The critiques of Westbrook’s penchant for letting it fly from wherever, whenever, never account for what an underlying reason for the rapid-fire releases might be. Beyond a deeply ingrained habit, Westbrook’s free-flowing shooting operates like a conduit. He doesn’t shoot and hang around to watch what happens, he just gets back on the move — tearing around the floor to gather momentum back up and redistribute it somewhere else. 

“You wait for the game,” Westbrook noted in his postgame, “sometimes the game goes by you.”

Alongside Kawhi Leonard (38 points on 13-for-24), Westbrook has the offensive padding he’s always worked best alongside (think Durant in OKC, shades of James Harden in Houston, Bradley Beal with the Wizards). Better still, with Leonard and how automatic he is, the volatility of shooting slumps that can wreak havoc on a team’s psyche and energy in the higher highs and lower lows of a playoff game are neutralized.

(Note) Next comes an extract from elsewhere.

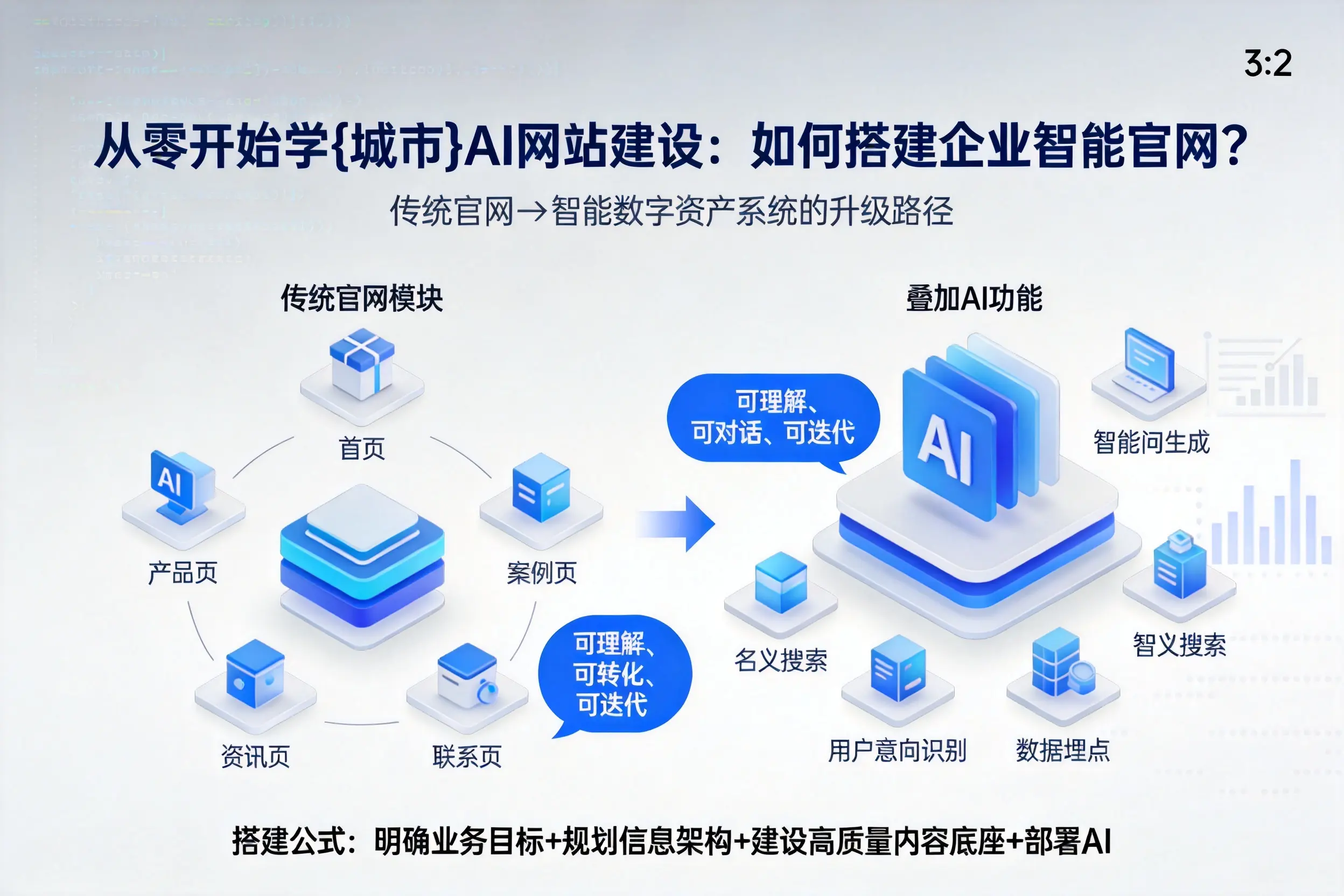 从零开始学邢台AI网站建设：如何搭建企业智能官网？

The Clippers still have two certified superstars on the court, but one’s literally never in his head about it while it’s impossible for the other to be boxed into one head, since he’s perpetually, at minimum, three people at once while on the floor.

Watching him work Phoenix to the point where they looked not lost, but inoperative, every iteration of Westbrook was on display.

One Westbrook ducked down the wing, while another would take a half second glance over to see Mason Plumlee primed for the lob yet another Westbrook tossed, tidy, right to him for the slam. There was the Westbrook collecting bounce passes from Leonard in the paint, hopping up vertically from parked stationary under the basket to neatly pop the ball in. There was the Westbrook who was already going downhill and still found a faster gear to shift into and breeze by Durant for a layup, another Westbrook backed down Landry Shamet just to flip a pass over his head to Plumlee for a backwards basket and a foul. Teleporting Westbrook, flying in from behind Deandre Ayton for a shot deflection; Taunting Westbrook, nabbing an offensive rebound just to run half the roster in a circle and leave Leonard with enough space for an open three as soon as he made the pass, pushing the Clippers up 104 on Phoenix’s 99. 

“Any time I’m in a position people believe in me, not as a basketball player, but me as a person. I feel like it's my duty to be able to bring everything I have regardless of what happens and lay it out on the line,” Westbrook told reporters after the game when asked how he felt about Paul George playing a role in getting him to the Clippers, and now playing without, but also for George.

Westbrook, I hope everyone realized as Booker rushed in to try and deliver the win just to find it served right back to him, contains multitudes. That he seems to be within a system now that truly wants all facets of him — the vintage explosive-ism, the volume shooting, the veteran’s coy patience — is a joy and relief that’s long overdue to him.